Mentally disabled Hong Kong man ‘strong-armed’ into signing up for gym classes that left him HK$700,000 out of pocket
Lawmaker calls for a cooling-off period to counter aggressive sales tactics
One of Hong Kong’s biggest fitness chains has been accused of using strong-arm sales tactics to force a mentally disabled man into signing up for classes and taking out loans that left him HK$700,000 poorer.
The man, who gave only his surname, Wong, complained that he ended up spending so much after he was coerced by staff at a California Fitness centre in Mong Kok into borrowing money from banks and even loan sharks to foot the gym bill.
His case was one of nine complaints made to lawmaker Tang Ka-piu against the same fitness centre, mostly involving young adults who were forced to part with smaller amounts of money.
Tang said it showed the woeful lack of protection for consumers from unscrupulous sales tactics employed by companies selling services such as fitness programmes and beauty sessions.
“We’ve seen many cases where people would make complaints or ask for help just a day or less after buying a service package,” said Tang.
He called for a seven-day cooling-off period, which would allow consumers to amend terms and counter aggressive practices.
READ MORE: 11 staff at Hong Kong fitness centre arrested after customers offered free trial say they were duped into signing deals
Wong, who has a mild intellectual disability and works as a cleaner, first signed up as a member at the California Fitness centre in 2013, according to his sister, speaking on his behalf yesterday.
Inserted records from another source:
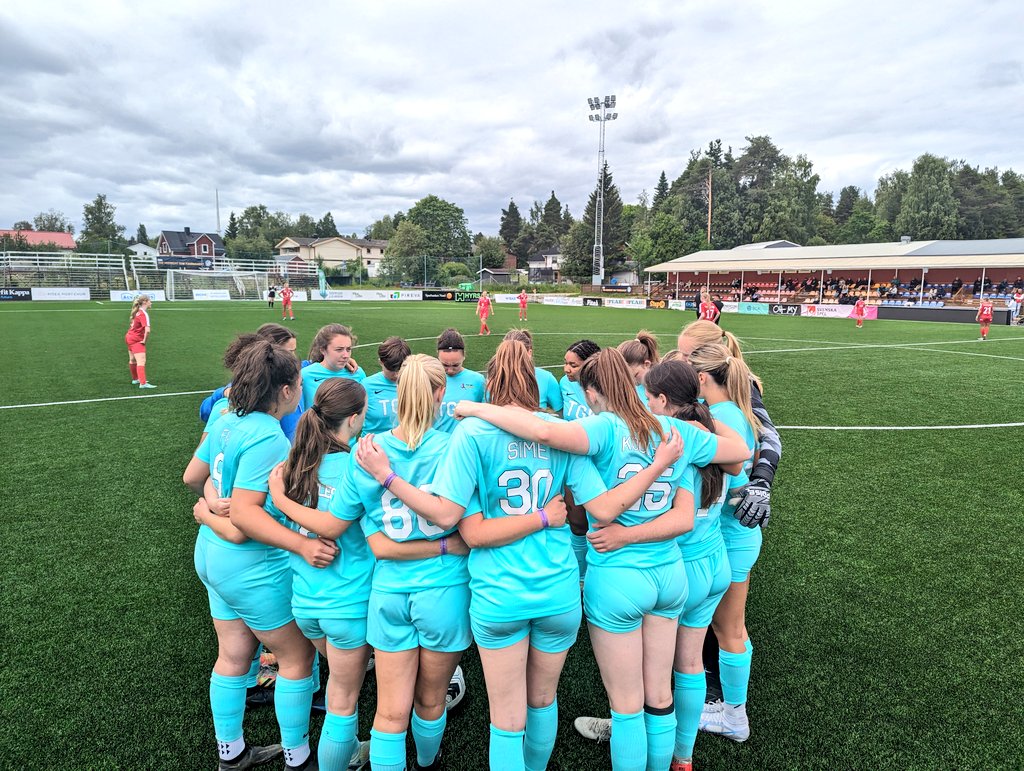 THISGIRLKICKS's tweet photo. 🇸🇪||𝐏𝐈𝐓𝐄𝐀 𝐂𝐔𝐏 𝐅𝐈𝐍𝐀𝐋 

An extremely tough 𝐅𝐢𝐧𝐚𝐥, that was a game too far for our group. It was a brilliant opportunity to play in front of such a boisterous crowd🏟️

Our group stuck together & played as a team, displaying great sportsmanship post game & can celebrate being the first ever TGK team to medal at an international tournament🏆

𝐈𝐊 𝐆𝐫𝐚𝐧𝐝 𝐁𝐨𝐝ø 𝐉𝐮𝐧𝐢𝐨𝐫 𝟐 from Norway gave us some incredible matches & we wish them all the best after their 6-2 win🫱🏼‍🫲🏾

We now enjoy our final night prior to returning home tomorrow. We already look forward to returning next year for the 𝟐𝟎𝟐𝟒 𝐏𝐢𝐭𝐞𝐚 𝐂𝐮𝐩⚽

#WeArePiteaCup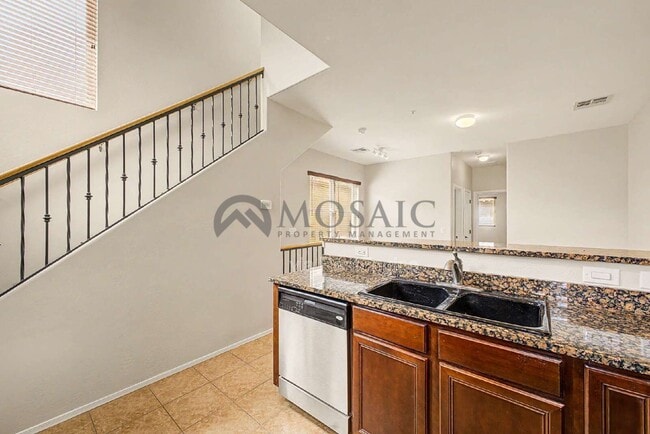 Building Photo - 1384 S Sabino Dr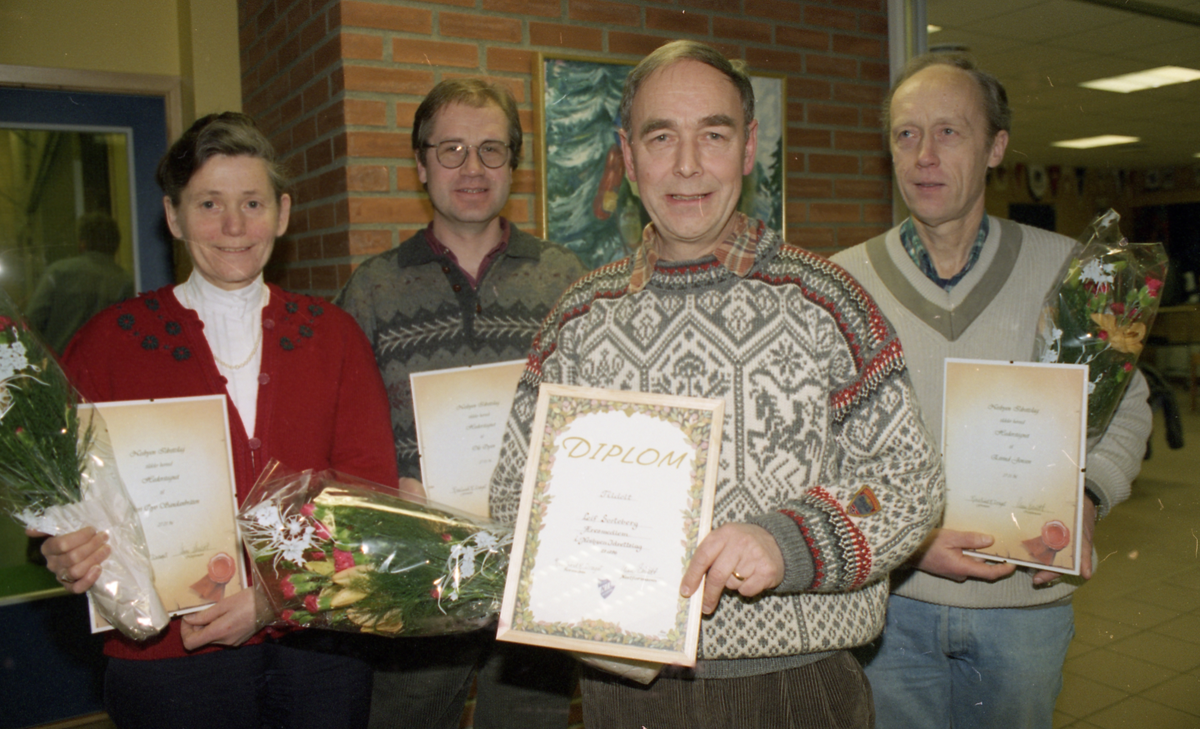 Idrett.  Hedret i Nesbyen idrettslag f.v. Guri Øyo Sandanbråten, Ole Øyen, Leif Sorteberg og Eivind Jensen på årsmøte i januar 1996.
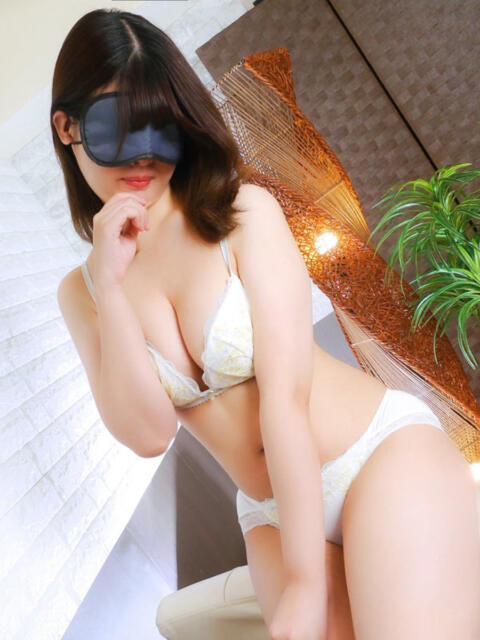 もね 横浜風俗 横浜いきなりビンビン伝説（ホテヘル）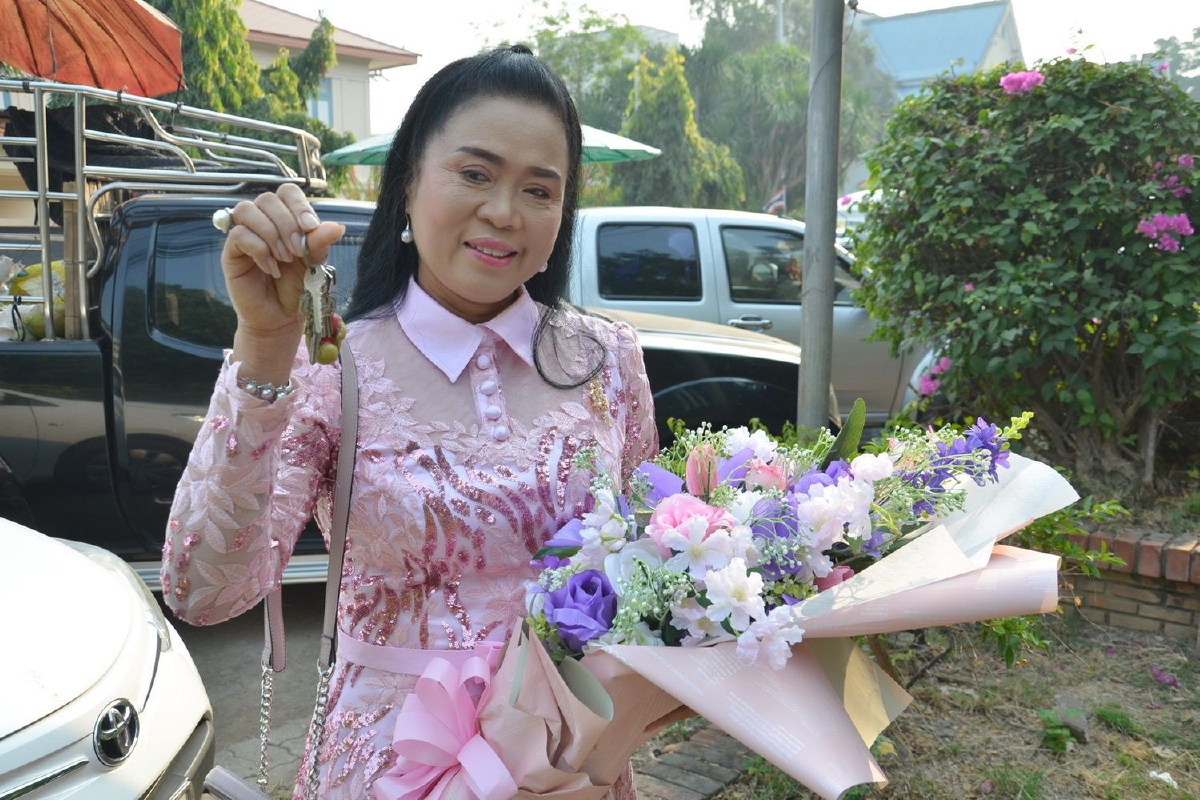 ครูปุ้มภรรยา ฝากถึงครูชลธีกุญแจบ้านแขวนไว้ที่เดิมเปิดต้อนรับเสมอ ครูปุ้มภรรยา ฝากถึงครูชลธีกุญแจบ้านแขวนไว้ที่เดิมเปิดต้อนรับเสมอ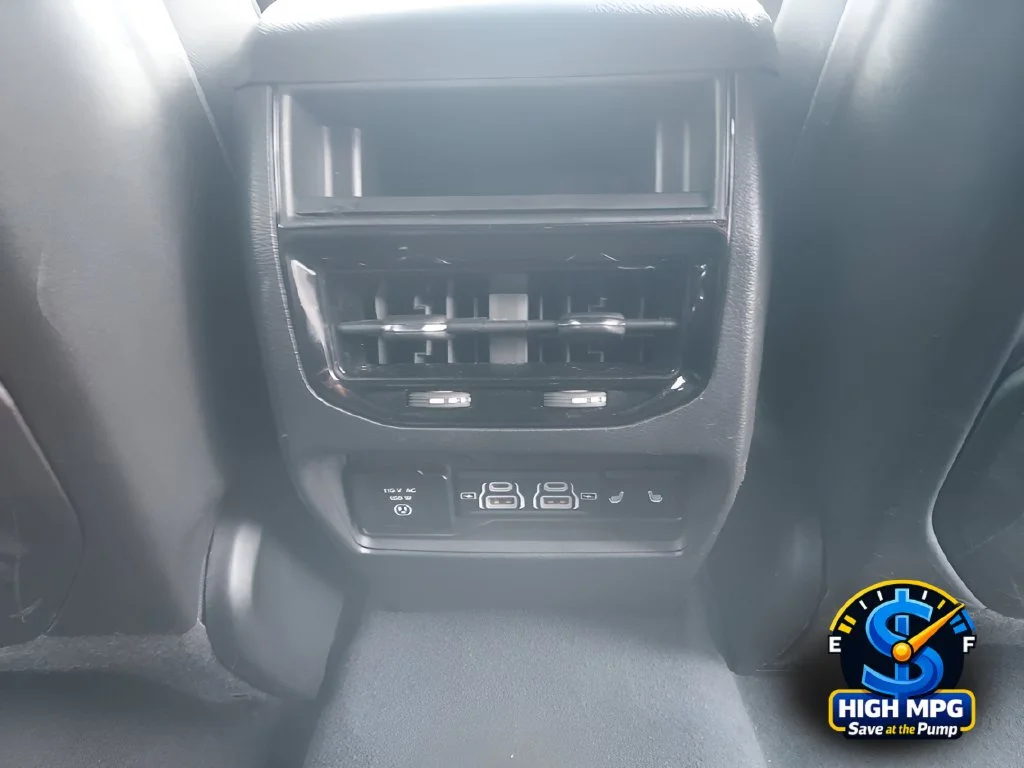 Used 2024 White Jeep 4xe image 24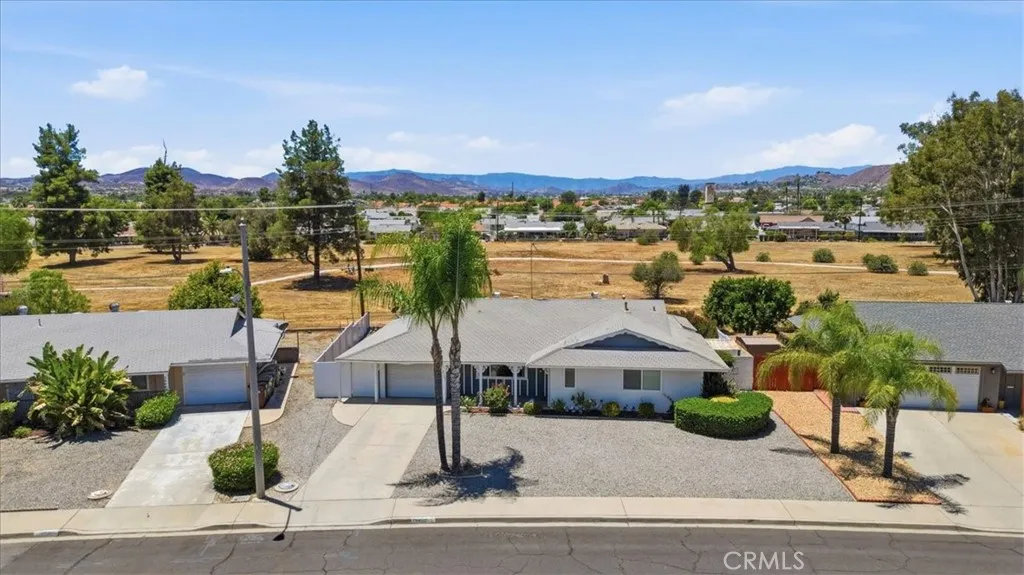 29001 Thornhill Dr, Menifee, CA 92586 - Photo 3 of 28, Menifee, CA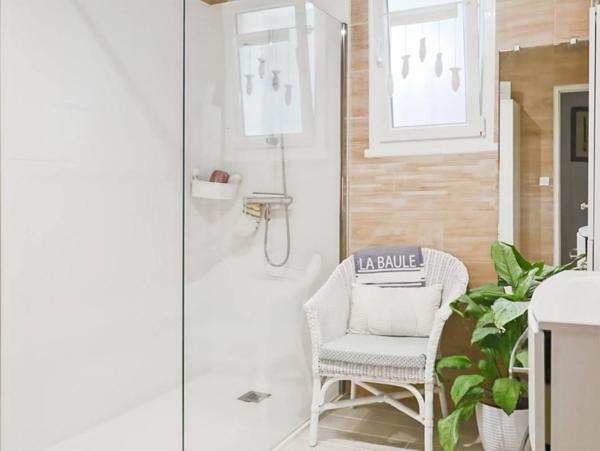 Maison Saint Lyphard, centre ville  4-5 chambres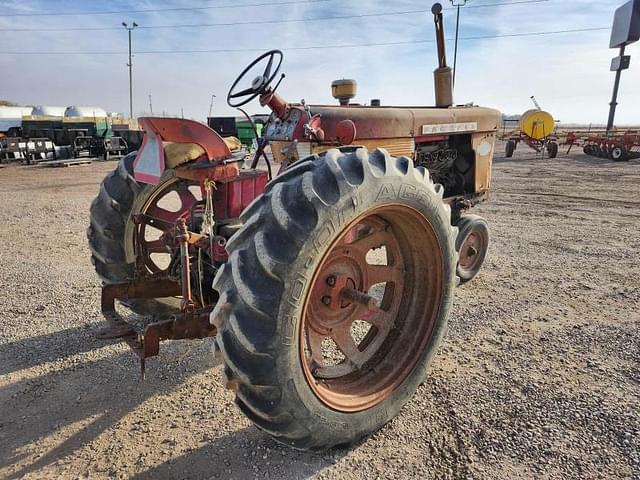 Image of International Harvester 560 equipment image 2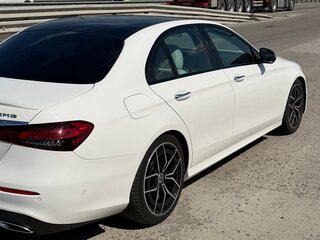 2021 Mercedes-Benz E-Класс 300 V (W213, S213, C238) Рестайлинг, белый, 5250000 рублей, вид 2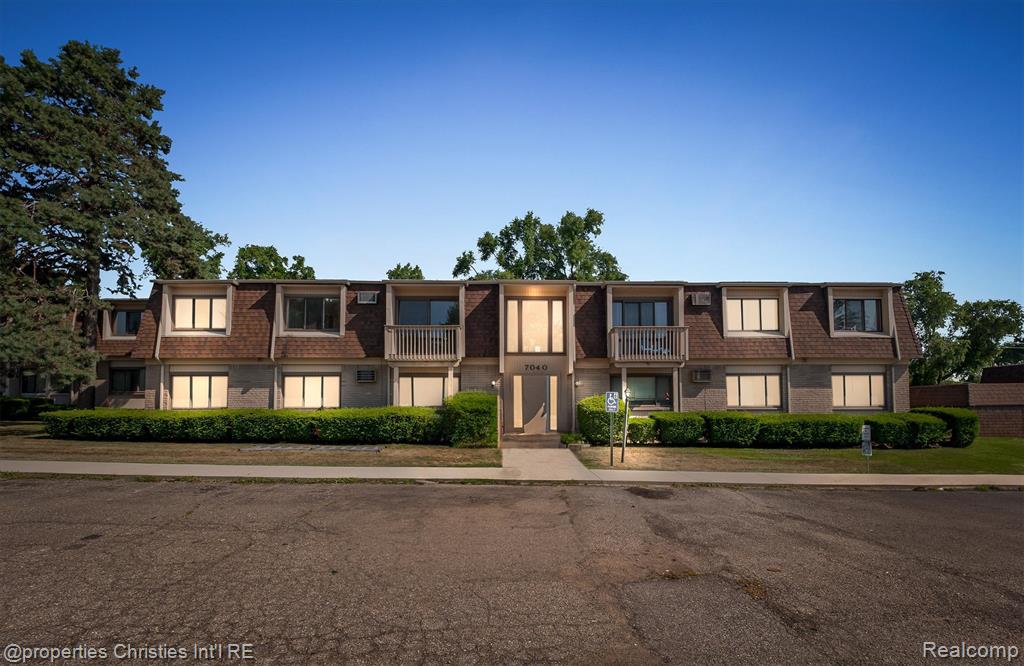 7040 Villa Drive, 6, Waterford, MI 48327 — front exterior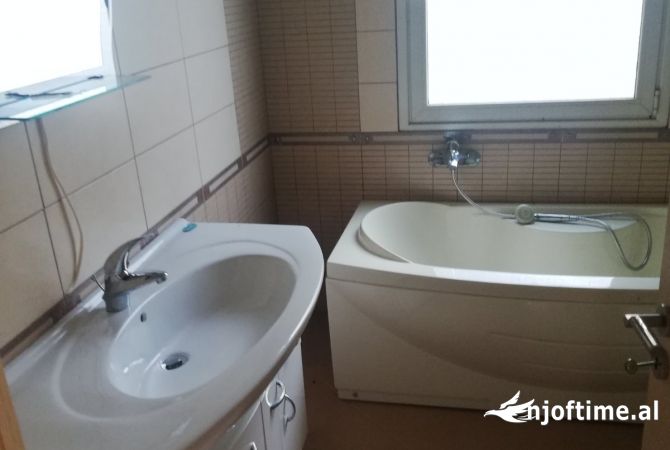 Private house for sale in Tirana 5+1, Emty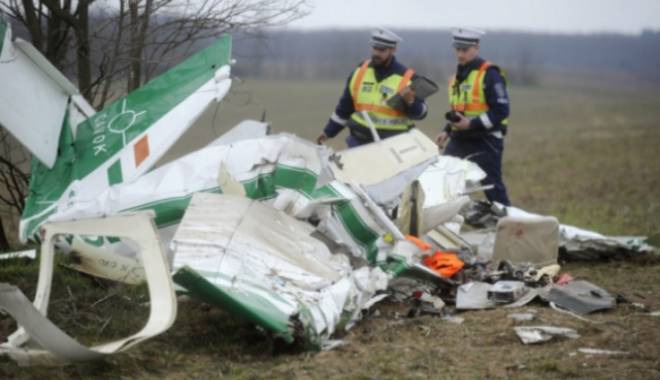 Un român a murit într-un accident aviatic în Ungaria - accident-1459148927.jpg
She called the fitness centre and was told that Wong had signed 20 contracts over the last two years. She managed to get hold of 10 of those contracts, costing a total of HK$213,000 and covering 288 sessions, but did not obtain the rest because the centre was charging her HK$50 per copy.
“It came to a point when my brother had indicated that he had no more money ... a trainer then took him to the bank for a loan,” she said, and later to a middleman who got him to borrow from several banks and money lenders.
Another case involved a 19-year-old student, whose mother said she was forced to sign a HK$1,400 contract as gym staff confiscated her Hong Kong identity card. They ended up charging her a total of HK$18,000 by repeatedly claiming previous transactions had not gone through.
READ MORE: Physical gym staff in Hong Kong investigated for forcing HK$38,000 membership on consumer
A spokeswoman for California Fitness said employees were not aware that Wong was mentally disabled and the company was looking into the matter.
“We believe this is only an individual case,” she said, and other cases would be “dealt with accordingly” once the company had a fuller picture. She also clarified that the student’s case had been resolved and a settlement signed with the girl’s family last week.
An experienced trainer told the Post that gym staff were constantly under pressure to boost sales and lock customers into pre-paid packages.